Print the records below exactly, from the line containing "Элегантное водонепроницаемое плетеное" down to the line containing "La Mode du Petit", both lines included, and omit every picture.
━━ The records
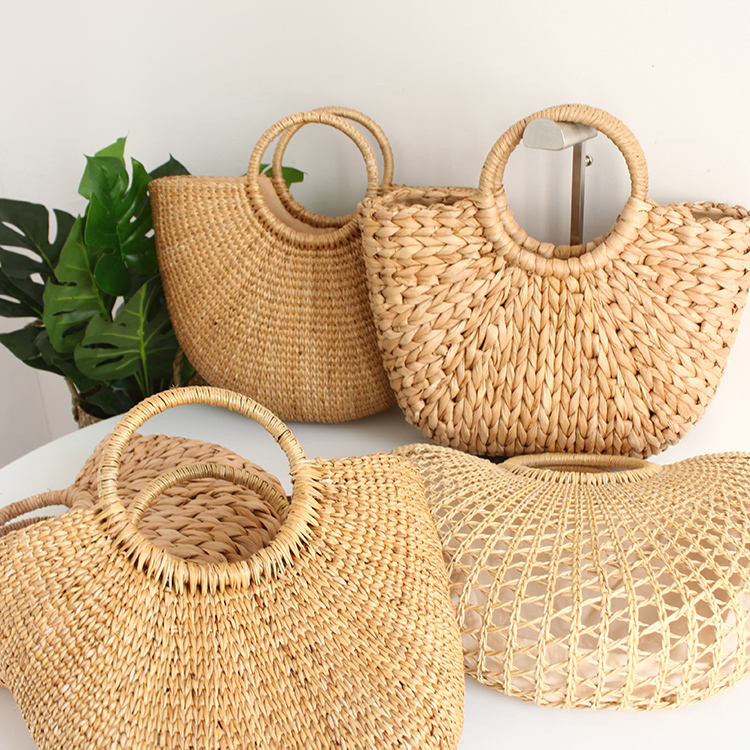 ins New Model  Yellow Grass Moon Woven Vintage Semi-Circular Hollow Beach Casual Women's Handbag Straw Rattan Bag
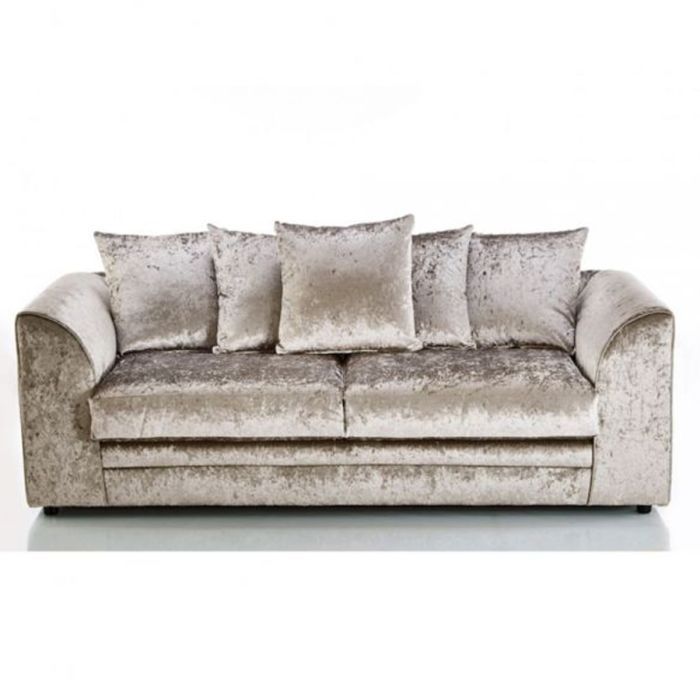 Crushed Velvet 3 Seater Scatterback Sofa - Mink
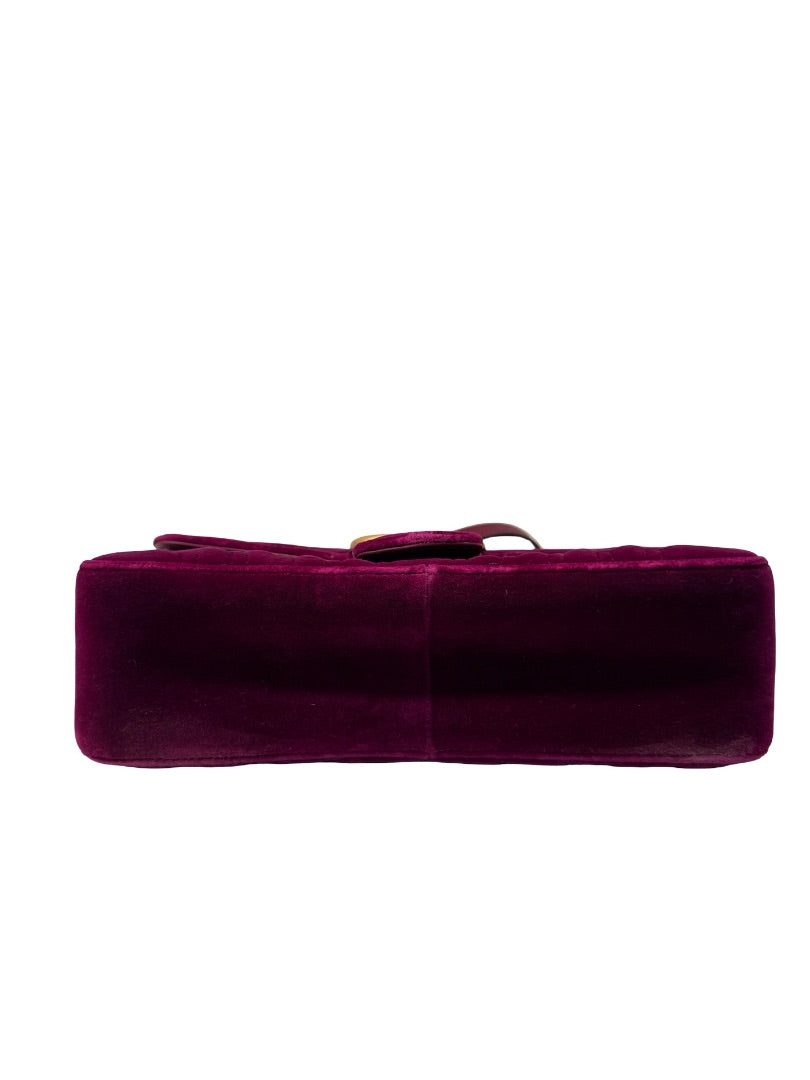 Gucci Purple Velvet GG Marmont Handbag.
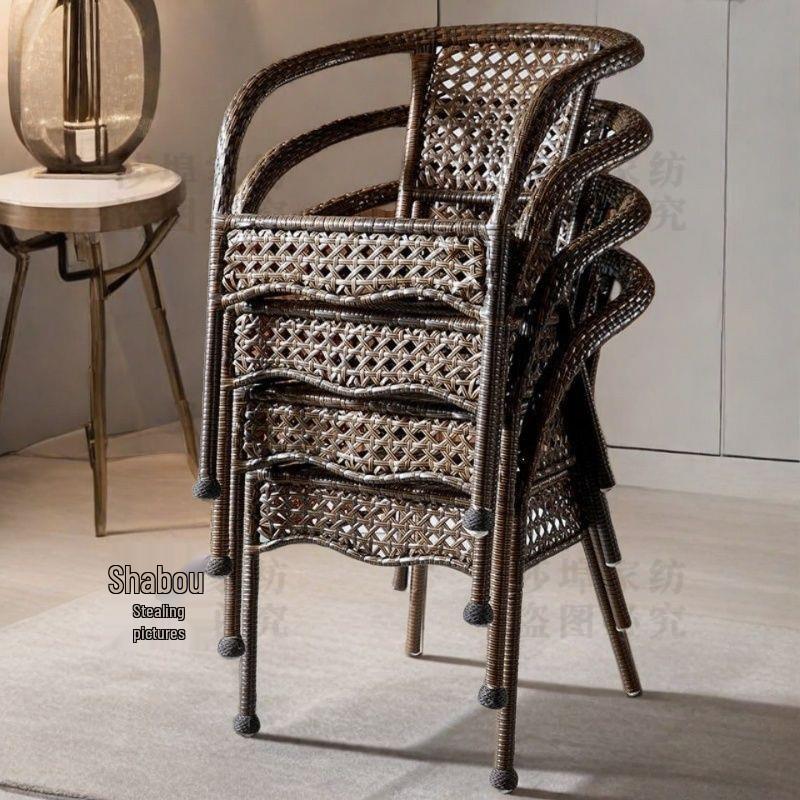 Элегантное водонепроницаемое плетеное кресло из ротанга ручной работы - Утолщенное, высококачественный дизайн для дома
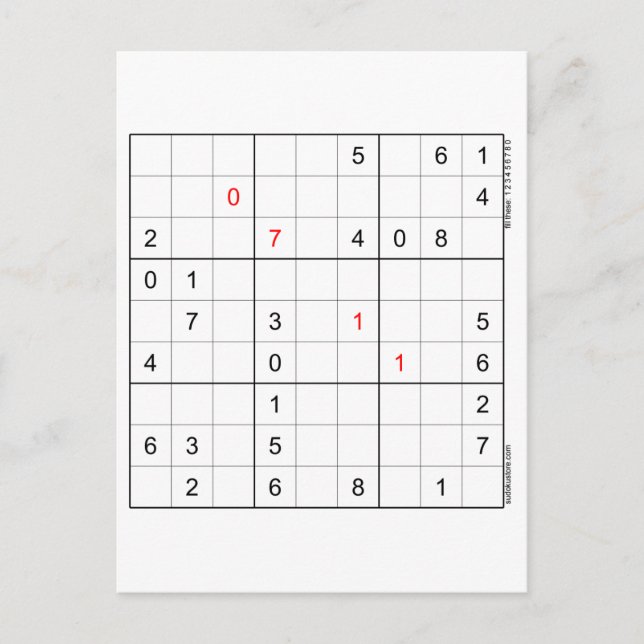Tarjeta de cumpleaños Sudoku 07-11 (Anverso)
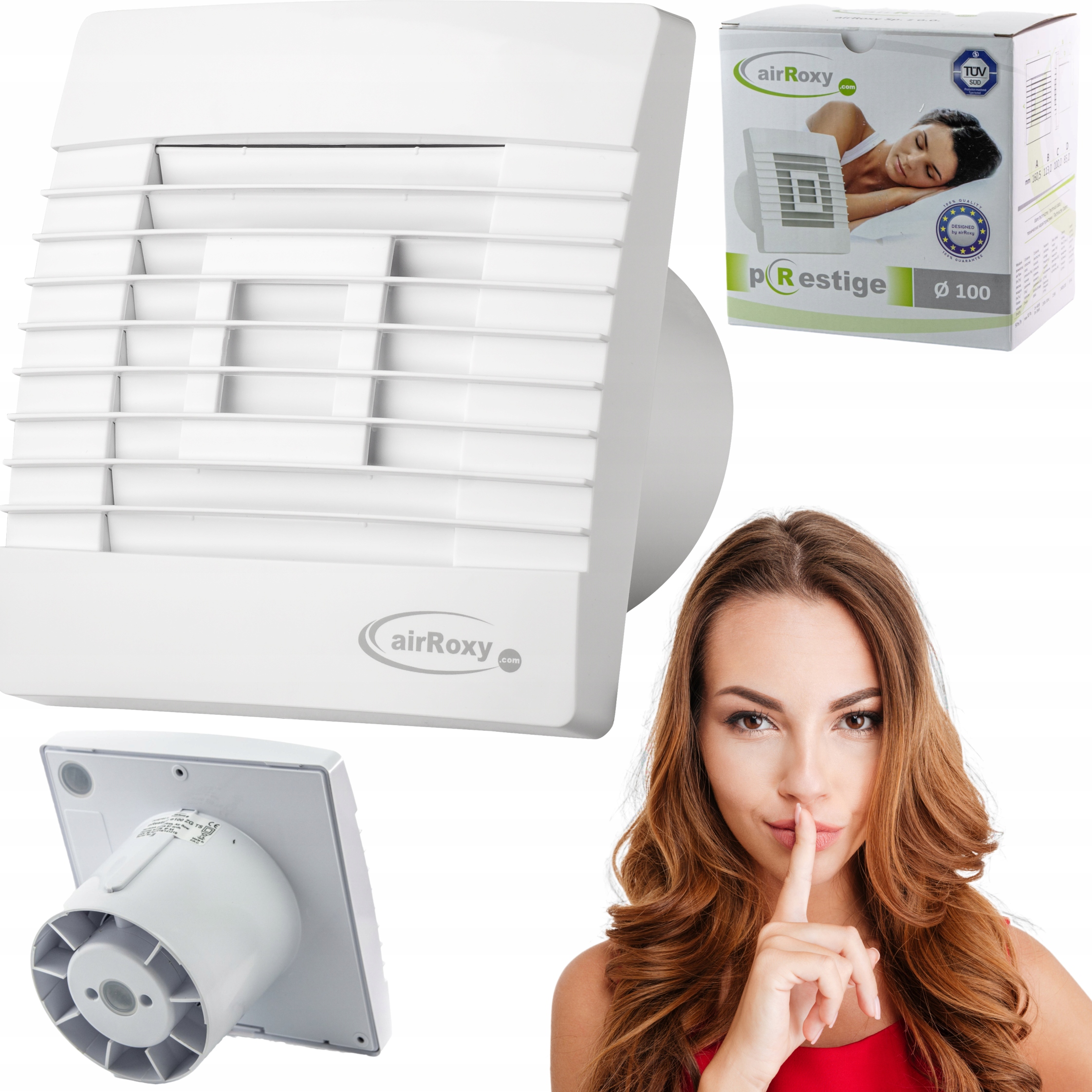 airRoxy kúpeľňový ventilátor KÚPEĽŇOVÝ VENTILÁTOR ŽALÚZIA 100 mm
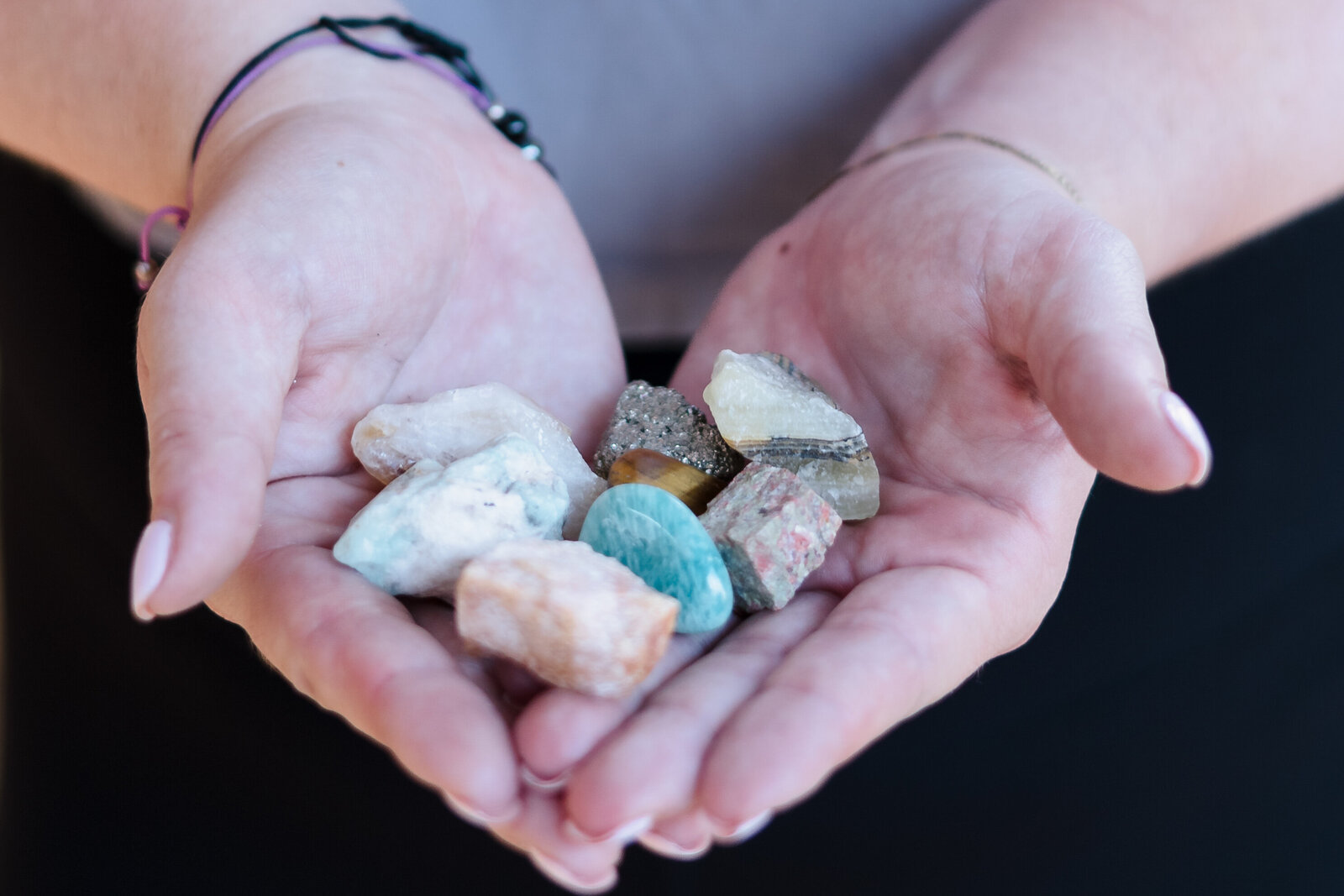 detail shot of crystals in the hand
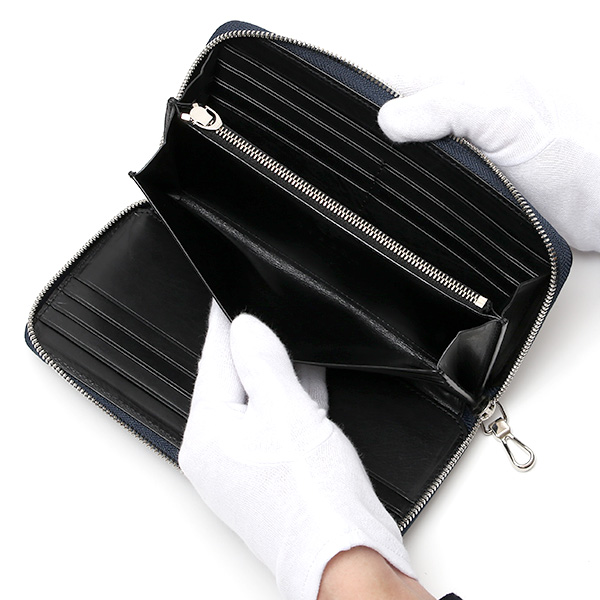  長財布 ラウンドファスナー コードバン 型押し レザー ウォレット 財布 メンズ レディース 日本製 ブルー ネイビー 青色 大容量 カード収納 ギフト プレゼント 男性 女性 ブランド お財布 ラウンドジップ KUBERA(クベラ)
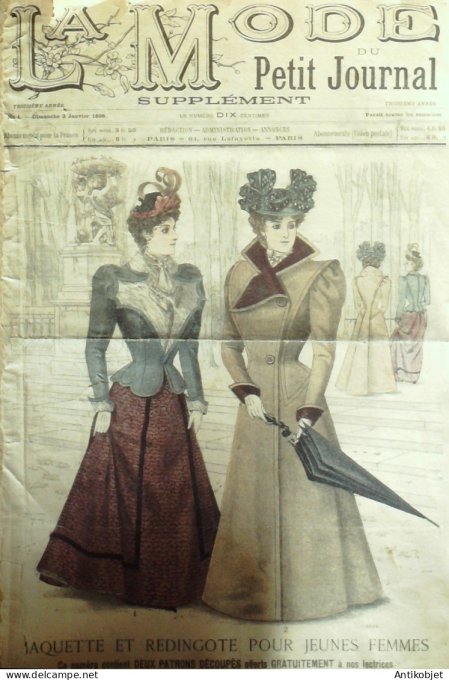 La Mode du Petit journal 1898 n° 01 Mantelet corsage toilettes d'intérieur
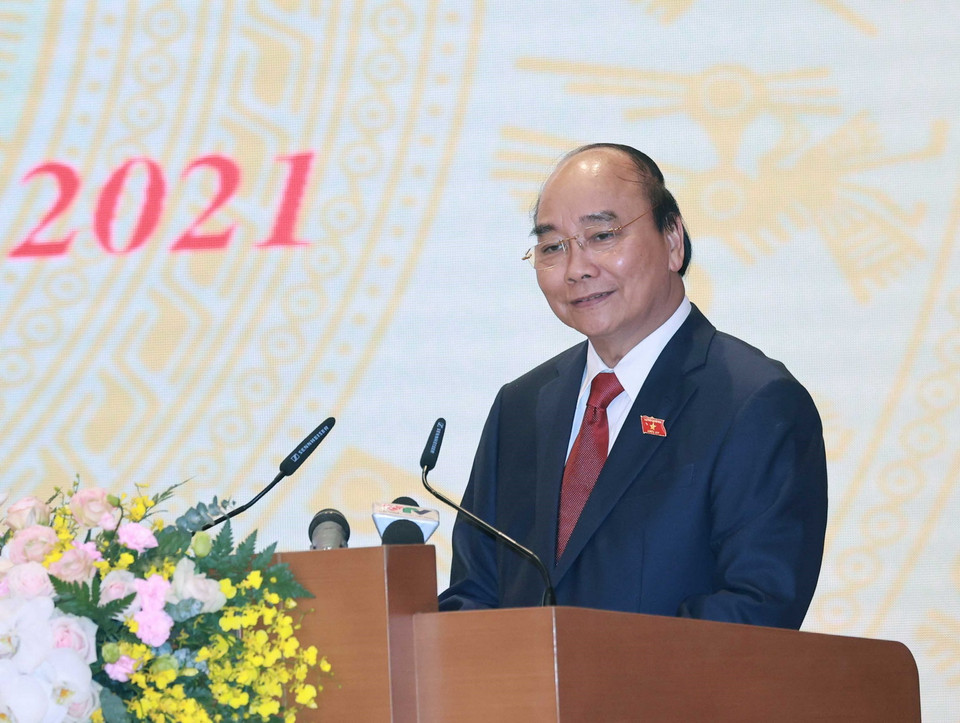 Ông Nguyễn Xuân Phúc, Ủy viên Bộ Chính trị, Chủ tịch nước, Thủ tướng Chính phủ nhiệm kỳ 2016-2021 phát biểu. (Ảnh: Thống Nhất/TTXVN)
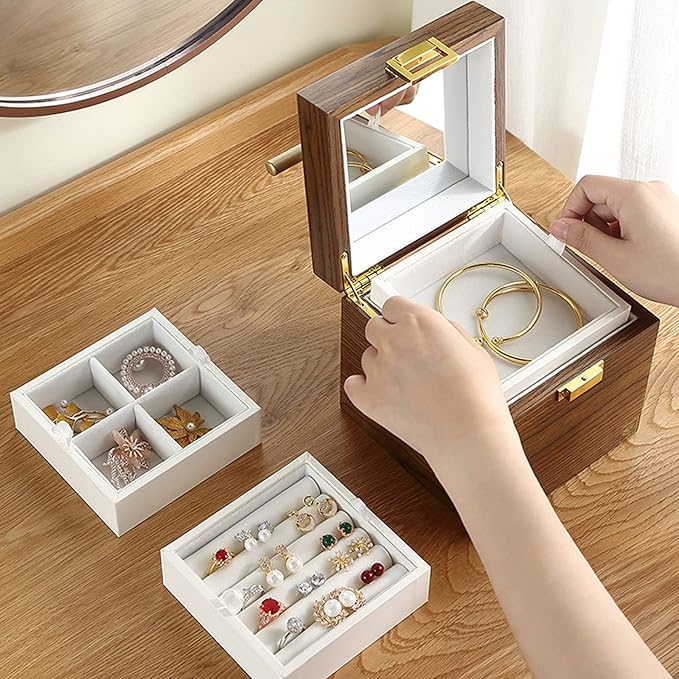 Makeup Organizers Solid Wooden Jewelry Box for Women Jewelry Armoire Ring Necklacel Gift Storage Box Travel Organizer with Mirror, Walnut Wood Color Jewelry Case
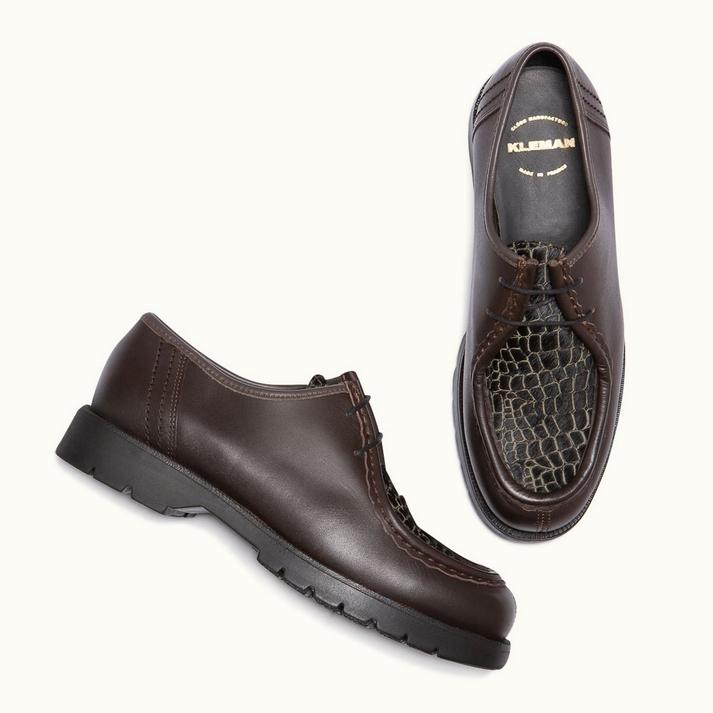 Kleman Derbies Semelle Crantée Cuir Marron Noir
━━━━
## Problem solution
 Элегантное водонепроницаемое плетеное кресло из ротанга ручной работы - Утолщенное, высококачественный дизайн для дома
Tarjeta de cumpleaños Sudoku 07-11 (Anverso)
 airRoxy kúpeľňový ventilátor KÚPEĽŇOVÝ VENTILÁTOR ŽALÚZIA 100 mm
 detail shot of crystals in the hand
  長財布 ラウンドファスナー コードバン 型押し レザー ウォレット 財布 メンズ レディース 日本製 ブルー ネイビー 青色 大容量 カード収納 ギフト プレゼント 男性 女性 ブランド お財布 ラウンドジップ KUBERA(クベラ)
 La Mode du Petit journal 1898 n° 01 Mantelet corsage toilettes d'intérieur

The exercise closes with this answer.